Friday, February 27, 2009

What Repayment Plan?

I occasionally find myself in agreement with liberal columnist and pundit, Michael Kinsley. He sometimes drops observational tidbits that are quite accurate, regardless of your political leanings.

So, I took note when I found Kinsley quoted in the Wall Street Journal’s opinion section, which leans generally conservative. I don’t know if Kinsley is only talking about the latest ‘stimulus’ spending or all such spending of recent months (and future months), but what he says clearly applies to the whole shebang:
“[E]ven if the stimulus is a magnificent success, the money still has to be paid back. The plan of record apparently is that we keep borrowing, spending and stimulating, faster and faster, until suddenly, on some signal from heaven or Timothy Geithner, we all stop spending and start saving in recordbreaking amounts. Oh sure, that will work.

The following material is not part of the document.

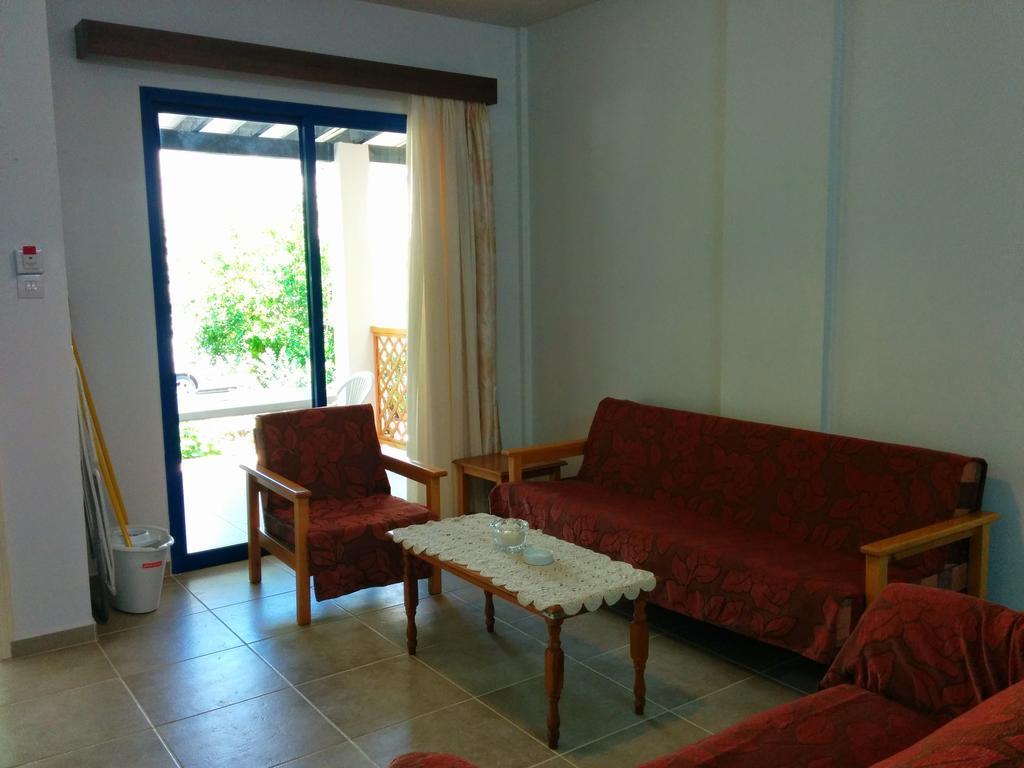Aparthotel Zoe's Court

“There is another way. If it's not the actual, secret plan, it will be an overwhelming temptation: Don't pay the money back. So far, even as one piggy bank after another astounds us with its emptiness, there have been only the faintest whispers about the possibility of an actual default by the U.S. government. Somewhat louder whispers can be heard, though, about the gradual default known as inflation. Just three or four years of currency erosion at, say, 10 percent a year would slice the real value of our debt -- public and private, U.S. bonds and jumbo mortgages -- in half.

“Anyone who regards the prospect of double-digit inflation with insouciance is either too young to have lived through it the last time (the late 1970s) or too old to remember. Among other problems, inflation works only as a surprise or betrayal. It can never be part of any public, official plan. Plan for 10 percent inflation, and you'll get 20. Plan for 20 and you'll need a wheelbarrow to pay for your morning Starbucks. But if that's not the plan, what is?”
A worthy question indeed. Every American should be asking it.

2 comments:

Anonymous said...

"we keep borrowing, spending and stimulating, faster and faster, until suddenly, on some signal from heaven or Timothy Geithner, we all stop spending and start saving in recordbreaking amounts"

I think that says it all right there. Thanks for sharing.

Anonymous said...

Amen to that. I'm still trying to figure out how we're going to spend trillions today to "fix" the economy and somehow cut the deficit in half by the end of Obama's first term. The Laffer Curve might work somewhat for tax cuts, but I don't think it works for increased spending.